▸ **Instructions to follow**:
Repeat the listing verbatim. Drop any pictures.

▸ **Dataset content**:

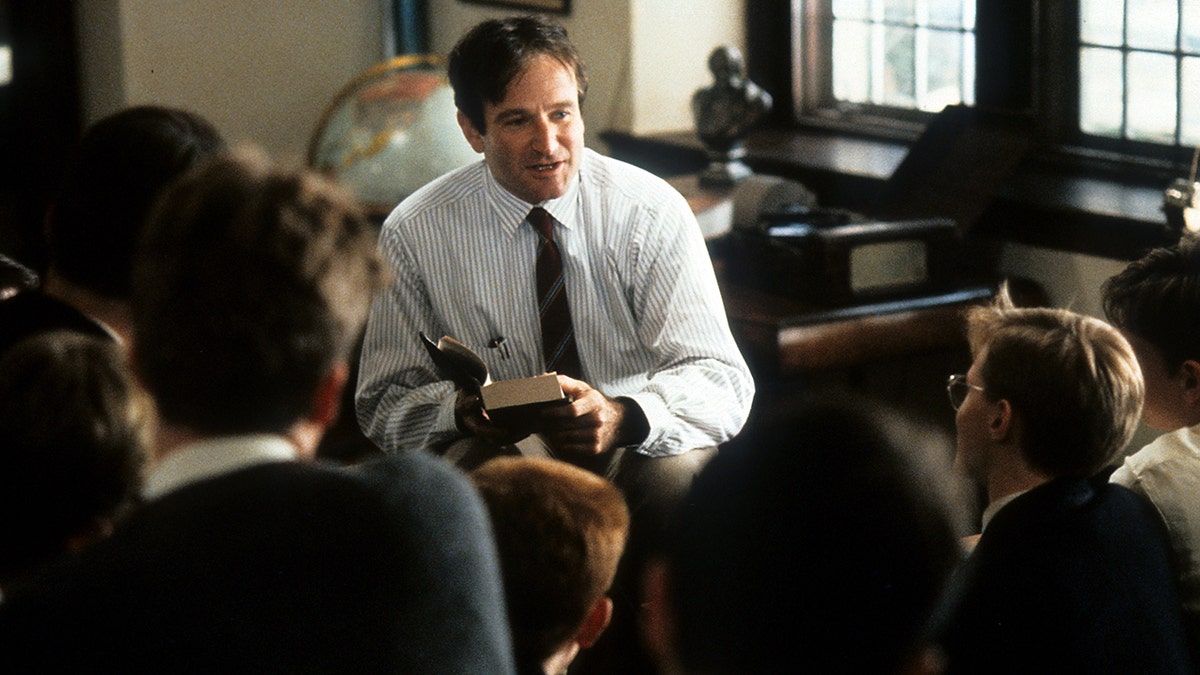 Robin Williams teaching a class in a scene from the film 'Dead Poets Society', 1989. 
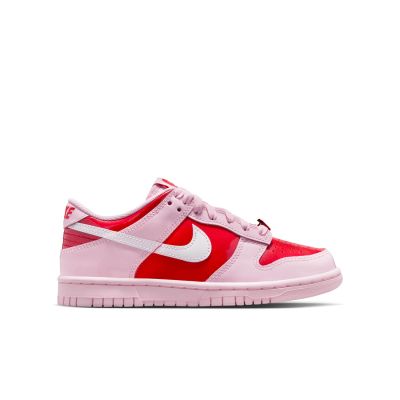 Nike Dunk Low "Valentine's Day" (GS) - Rdeča - Superge Nike Dunk Low "Valentine's Day" (GS) - Rdeča - Superge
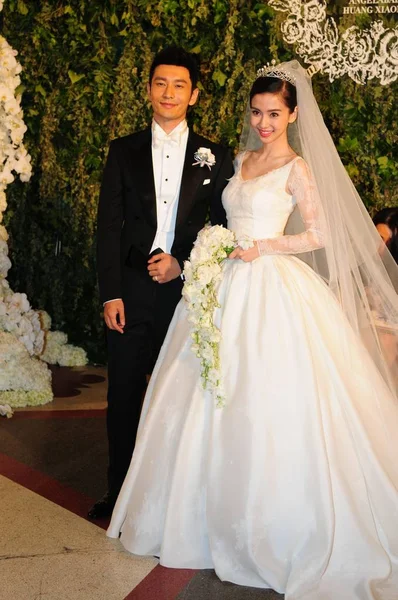 中国俳優黄暁明 左と彼の妻の女優アンジェラベイビーが 2015 上海の上海展覧センターで結婚式の間にポーズします — ストック写真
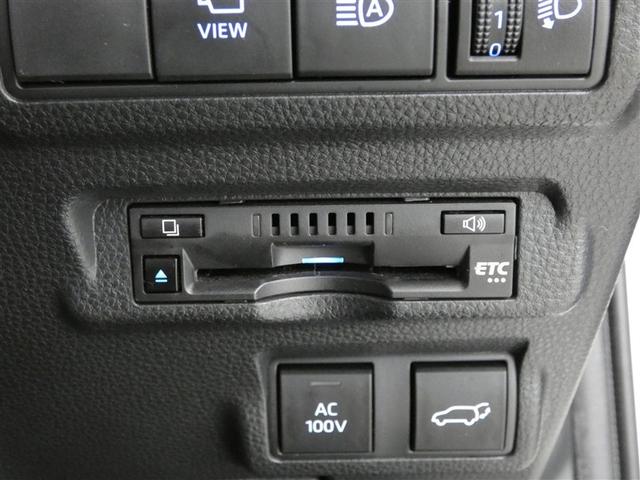 カローラクロス ハイブリッド　Ｚ　衝突被害軽減システム　メモリーナビ　フルセグ　バックカメラ　ミュージックプレイヤー接続可　４ＷＤ　スマートキー　ＥＴＣ　ＬＥＤヘッドランプ　オートクルーズコントロール　ワンオーナー　アルミホイール（12枚目）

▸ **Your response**:
 Robin Williams teaching a class in a scene from the film 'Dead Poets Society', 1989. 
 Nike Dunk Low "Valentine's Day" (GS) - Rdeča - Superge Nike Dunk Low "Valentine's Day" (GS) - Rdeča - Superge
 中国俳優黄暁明 左と彼の妻の女優アンジェラベイビーが 2015 上海の上海展覧センターで結婚式の間にポーズします — ストック写真
 カローラクロス ハイブリッド　Ｚ　衝突被害軽減システム　メモリーナビ　フルセグ　バックカメラ　ミュージックプレイヤー接続可　４ＷＤ　スマートキー　ＥＴＣ　ＬＥＤヘッドランプ　オートクルーズコントロール　ワンオーナー　アルミホイール（12枚目）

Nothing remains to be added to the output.